Преждевременную смерть Шукшина 2 октября 1974 года Гаврилин переживал очень тяжело: «Пришёл бледный, в глазах — горе. «Что случилось?» Глухо, еле сдерживая слёзы: «Шукшин умер». Так и не сошлись их пути-дороги в совместной работе, а она могла бы состояться. Шукшину наконец разрешили поставить фильм по роману о Степане Разине «Я пришёл дать вам волю». И Валерию кто-то из москвичей передал, что Шукшин собирается пригласить его на фильм» [21, 180].
Постепенно баллада на стихи В. Максимова завоевала широкую известность. Сначала В. Фёдоров и А. Хочин-ский записали её на радио (дуэтное исполнение). Затем, в 1976 году, автор написал партитуру для симфонического оркестра. Через год певица Елена Каменская получила на московском конкурсе за исполнение «Двух братьев» (с Ленинградским концертным оркестром под управлением А. Бадаева) I премию.

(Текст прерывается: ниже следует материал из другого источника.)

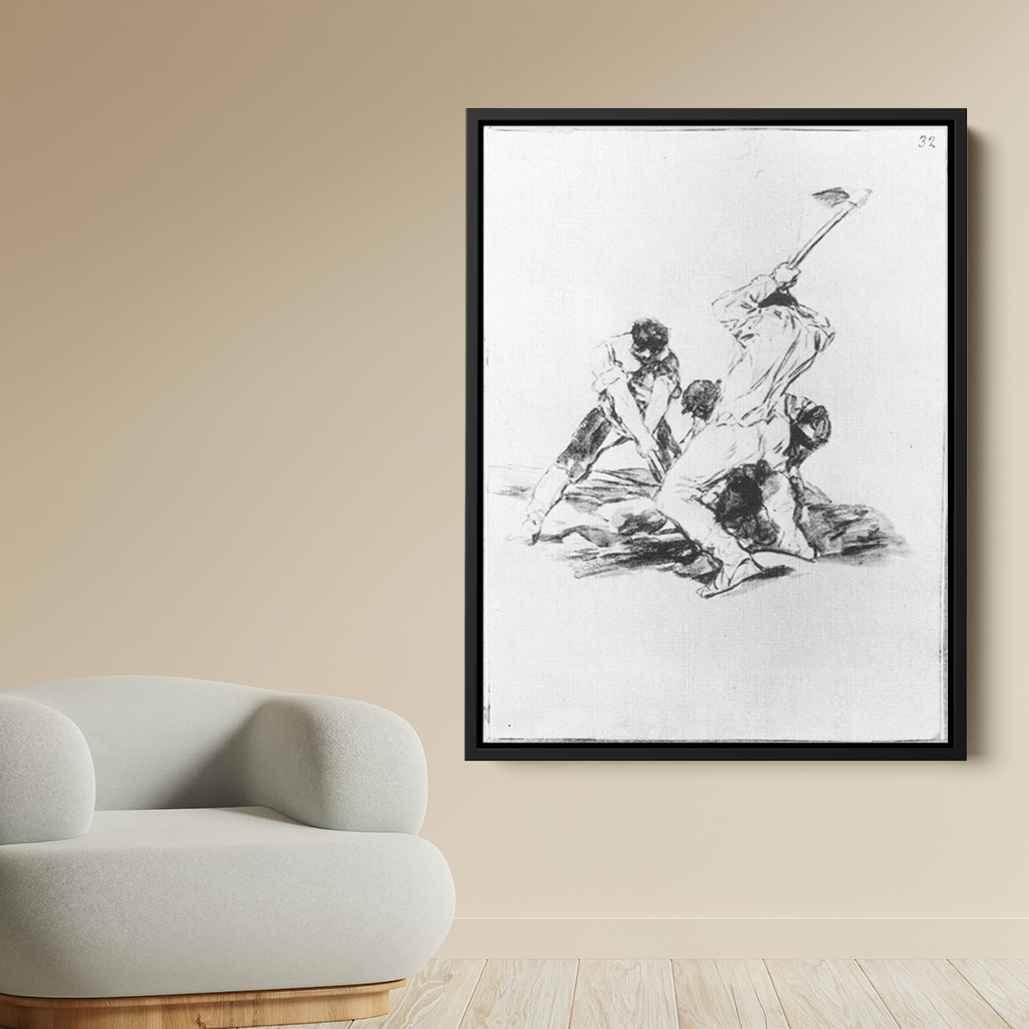 Three Men Diggingby Francisco Goya Canvas Print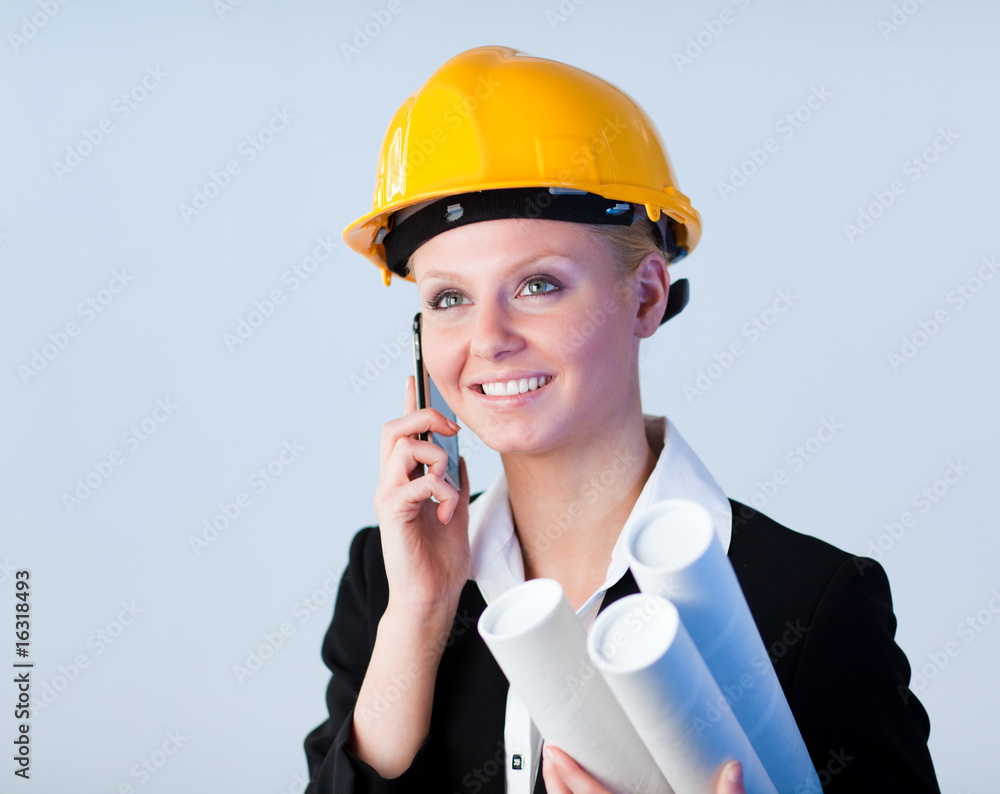 Female engineer on the phone Female engineer on the phone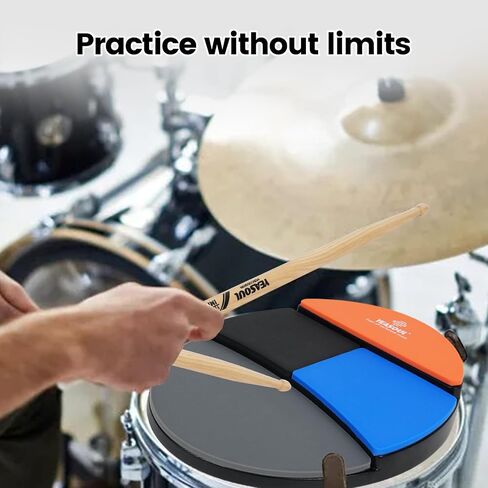 Practice Drum Pad, 4 Surfaces Drum Practice Pad, Silent Practice Pad for Drumming with Different Playing Surface with 1 Pairs Drum Sticks (Style 1) in Saudi Arabia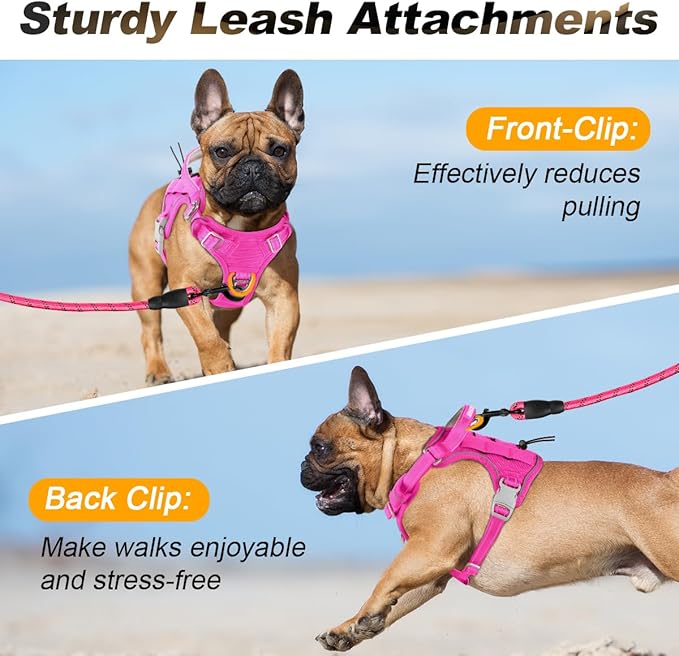 BARKBAY Service Dog Vest Tactical Dog Harness Medium Large Sized Dog Tags Personalized No Pull Adjustable Harness Reflective K9 Working Training Easy Control Military Molle System(Pink,M)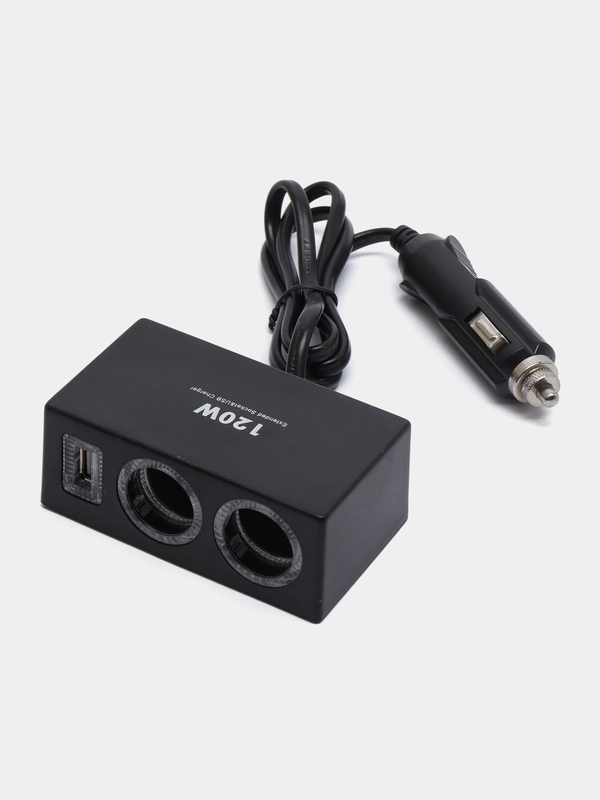 Многофункциональный разветвитель прикуривателя 2 входа +  USB 3.1А с проводом 12v/24v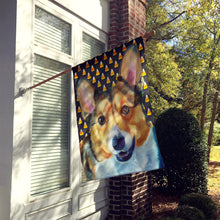 Load image into Gallery viewer, Corgi Candy Corn Halloween Flag Canvas House Size LH9553CHF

А затем баллада вошла в репертуар Эдуарда Хиля, причём его интерпретацию Гаврилин считал наиболее точной.
Из Москвы пришла весточка от Г. В. Свиридова: «Сегодня 1 января 1979 года, и я хочу написать Вам, что сейчас вот, совсем больной от холодов и своей старости, я слушал концерт «Песня-78» по телевизору. Только что была исполнена Ваша песня «Два брата». Изумительная вещь, я второй раз её слышу и плачу. Какая красота: сколько чувства и какого благородного. Как хороша, как свежа форма, как она естественна. Какие дивные переходы: в мелодии; от темы к теме, от куплета к куплету. Это — шедевр, поверьте мне!» [42, 206].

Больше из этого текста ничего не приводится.